## How to complete this task
An acceptable answer repeats exactly the line containing "13 1/2 Outlaw Half-Zip Sweater Navy/Offwhite" and all lines that follow it in the listing below, and it includes no pictures.

## Dataset excerpts
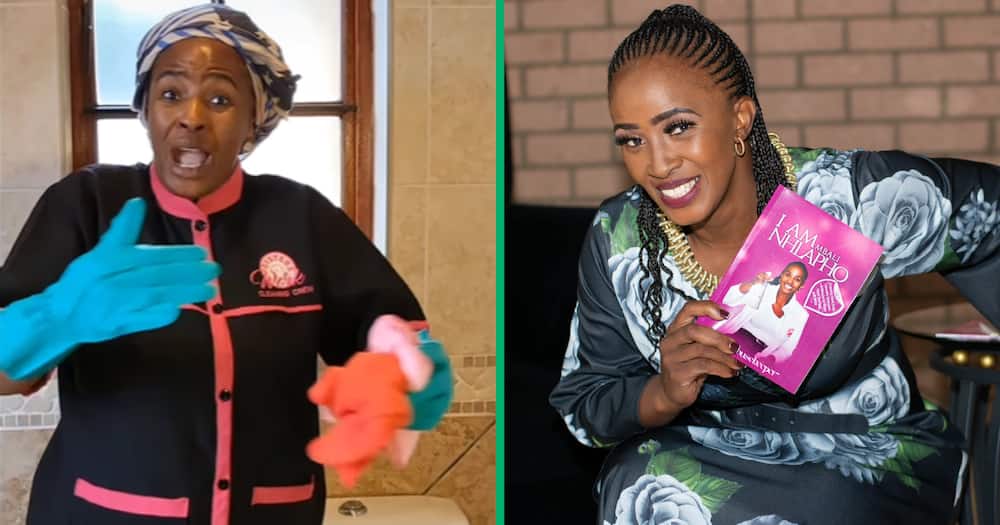 Mbali Nhlapho is a housekeeper many people in South Africa love and draw inspiration from
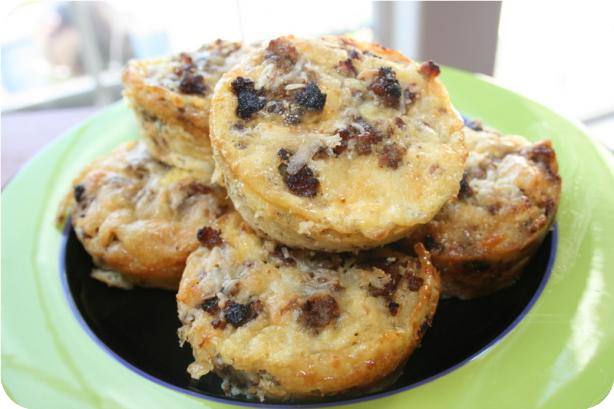 Crustless Breakfast Quiche Muffins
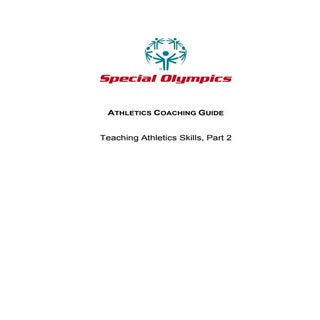 Teaching athletics skills, part 2(1)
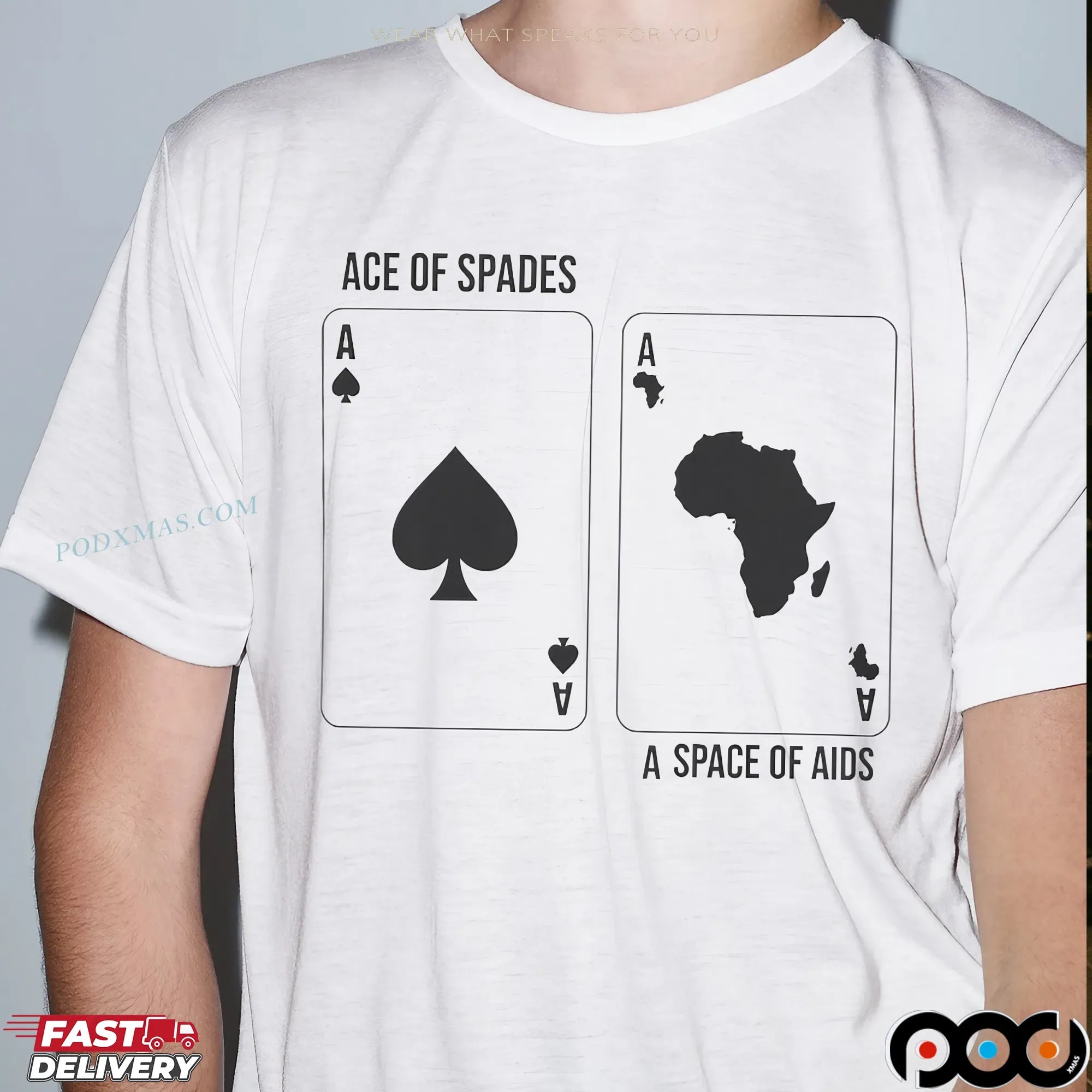 Ace Of Spades Space Of Aids T Shirt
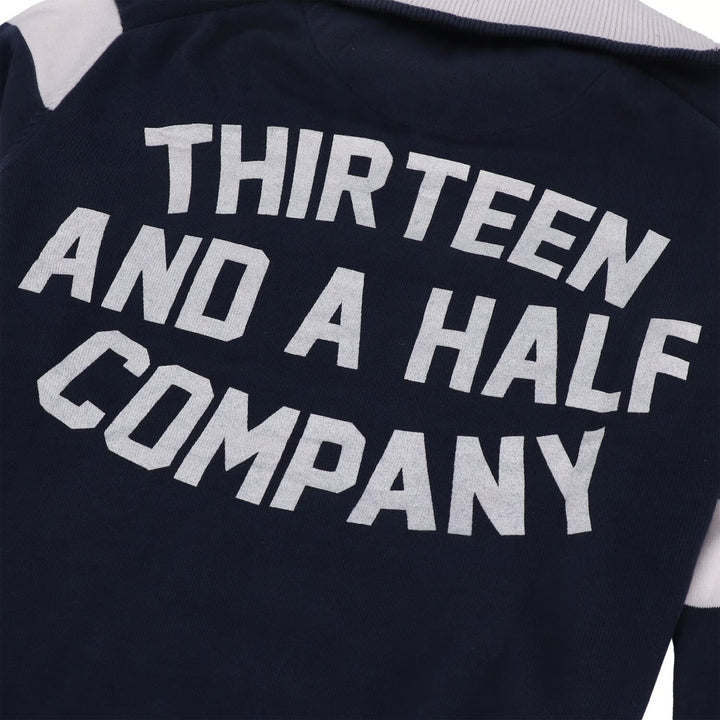 13 1/2 Outlaw Half-Zip Sweater Navy/Offwhite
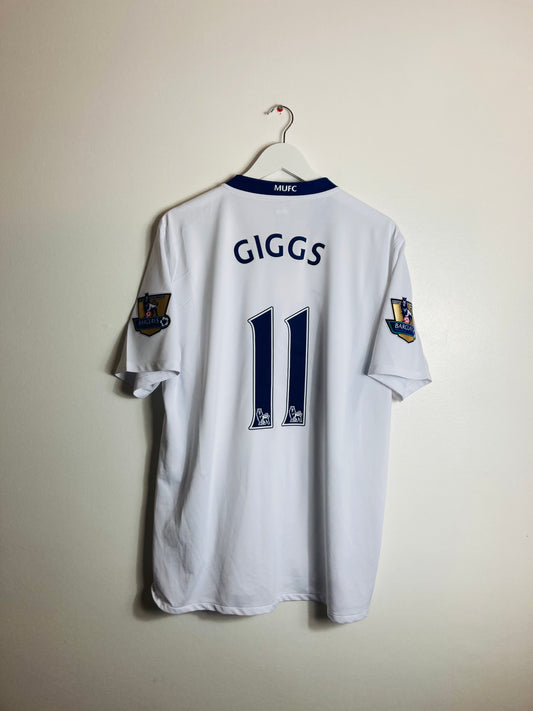 Manchester United away football shirt 2008/09 Giggs XL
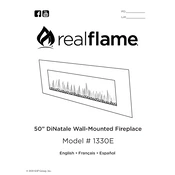 Realflame 1330E manual cover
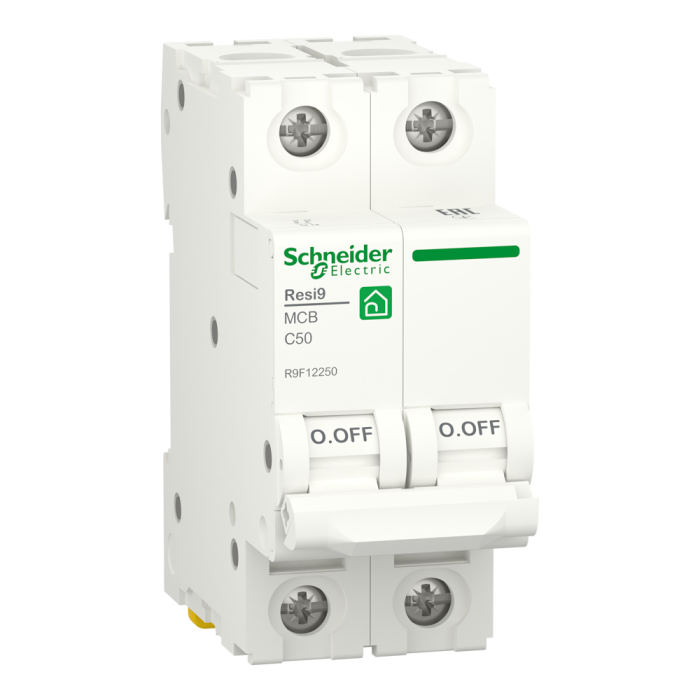 Автоматичний вимикач, 50 А, Resi9 - Schneider Electric [R9F12250]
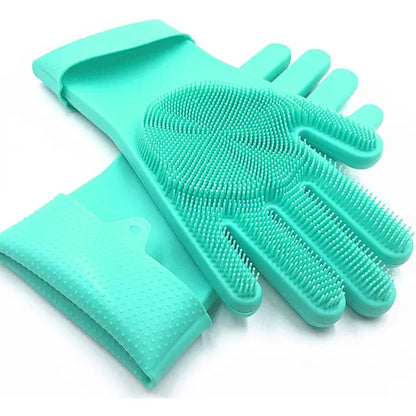 Silicon gloves For kitchen - Slicon Gloves Dish Washing - Silicon Gloves For Cooking - Silicon Gloves Pair - Silicon Gloves for Baking - Silicon Gloves for Oven - Silicon Gloves for Dish Washing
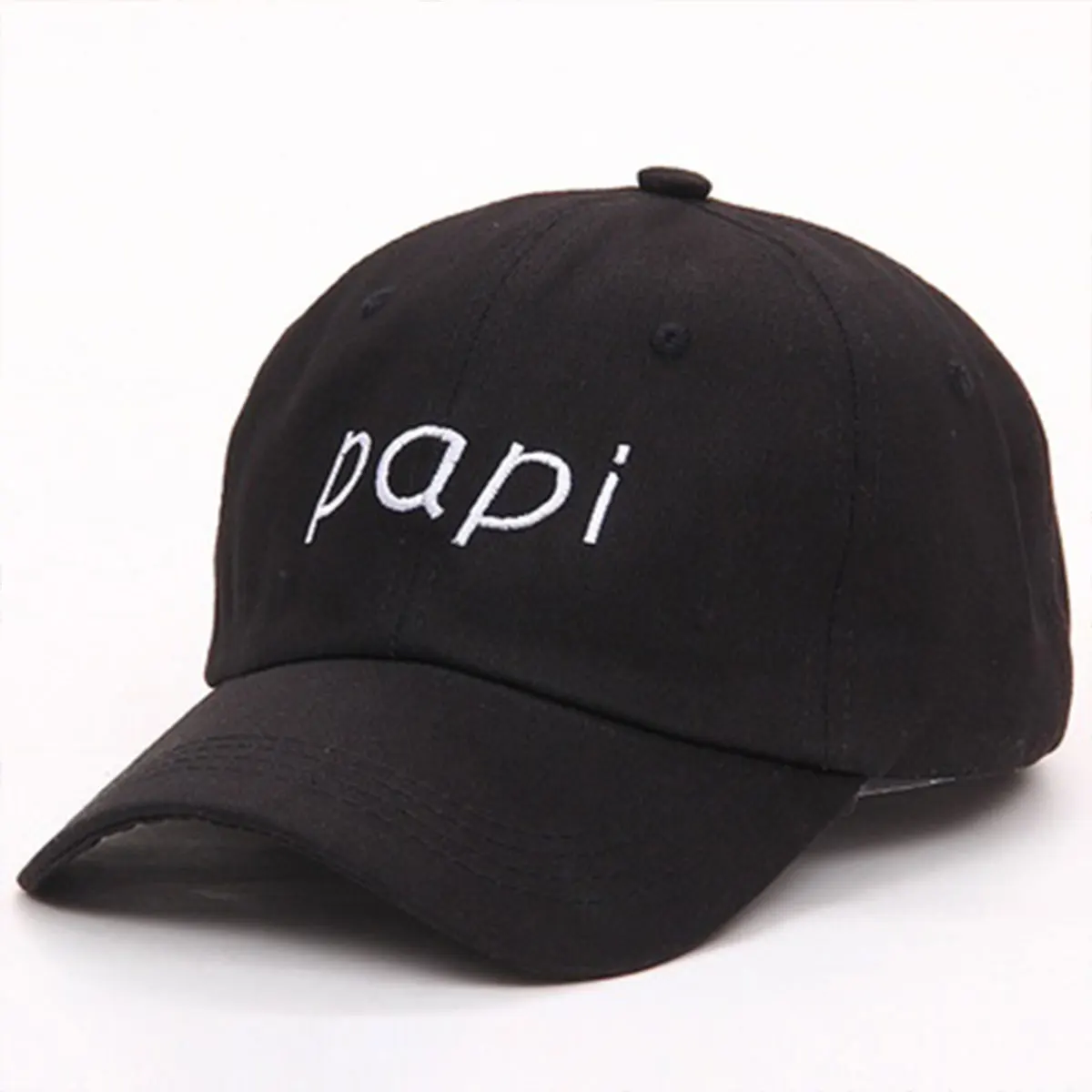 Unisex Papi Embroidery Baseball Caps Spring and Autumn Outdoor Adjustable Casual Hats Sunscreen Hat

## Answer section
 13 1/2 Outlaw Half-Zip Sweater Navy/Offwhite
 Manchester United away football shirt 2008/09 Giggs XL
 Realflame 1330E manual cover
 Автоматичний вимикач, 50 А, Resi9 - Schneider Electric [R9F12250]
 Silicon gloves For kitchen - Slicon Gloves Dish Washing - Silicon Gloves For Cooking - Silicon Gloves Pair - Silicon Gloves for Baking - Silicon Gloves for Oven - Silicon Gloves for Dish Washing
 Unisex Papi Embroidery Baseball Caps Spring and Autumn Outdoor Adjustable Casual Hats Sunscreen Hat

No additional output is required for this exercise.